Multiprocessing/for loop is skipping elements randomly
Python doesn't handle Thread/Multiprocessing well with heavy files, I would recommend DASK here. DASK uses clustering which works like multiprocessing which takes lesser time, and then you can use multiprocessing, in addition, to run it faster.
def pickling_joined(p):
df = dd.read_csv(f'C:\\Users\\Ghosh\\Downloads\\dataset\\data_joined\\{p}.csv')
df['LTP'] = (df['Bid'] + df['Ask']) / 2
print(f'\n=====>> Converting Date format for {p} ....')
df['Date'] = dd.to_datetime(df.Date)
print(f'\n=====>> Date format converted for {p} ....')
df = df.set_index('Date', sorted=True)
df = df.compute()
with open(f'C:\\Users\\Ghosh\\Downloads\\dataset\\data_pickled\\{p}.pkl', 'wb') as pickle_file:
pickle.dump(df, pickle_file)
print(f'\n=O=O=O=O=O>> Pickling done for {p} !!!')

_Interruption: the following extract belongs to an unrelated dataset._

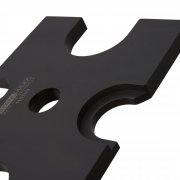 Tryckplatta som VW 401 för Växellåda & Upphängning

if __name__ == '__main__':
with concurrent.futures.ProcessPoolExecutor() as executor:
executor.map(pickling_joined, pairs)
finish = time.perf_counter()
print(f'\nFinished in {finish - start} seconds')
Java will be a better choice for such action, python will always skip steps if large DF.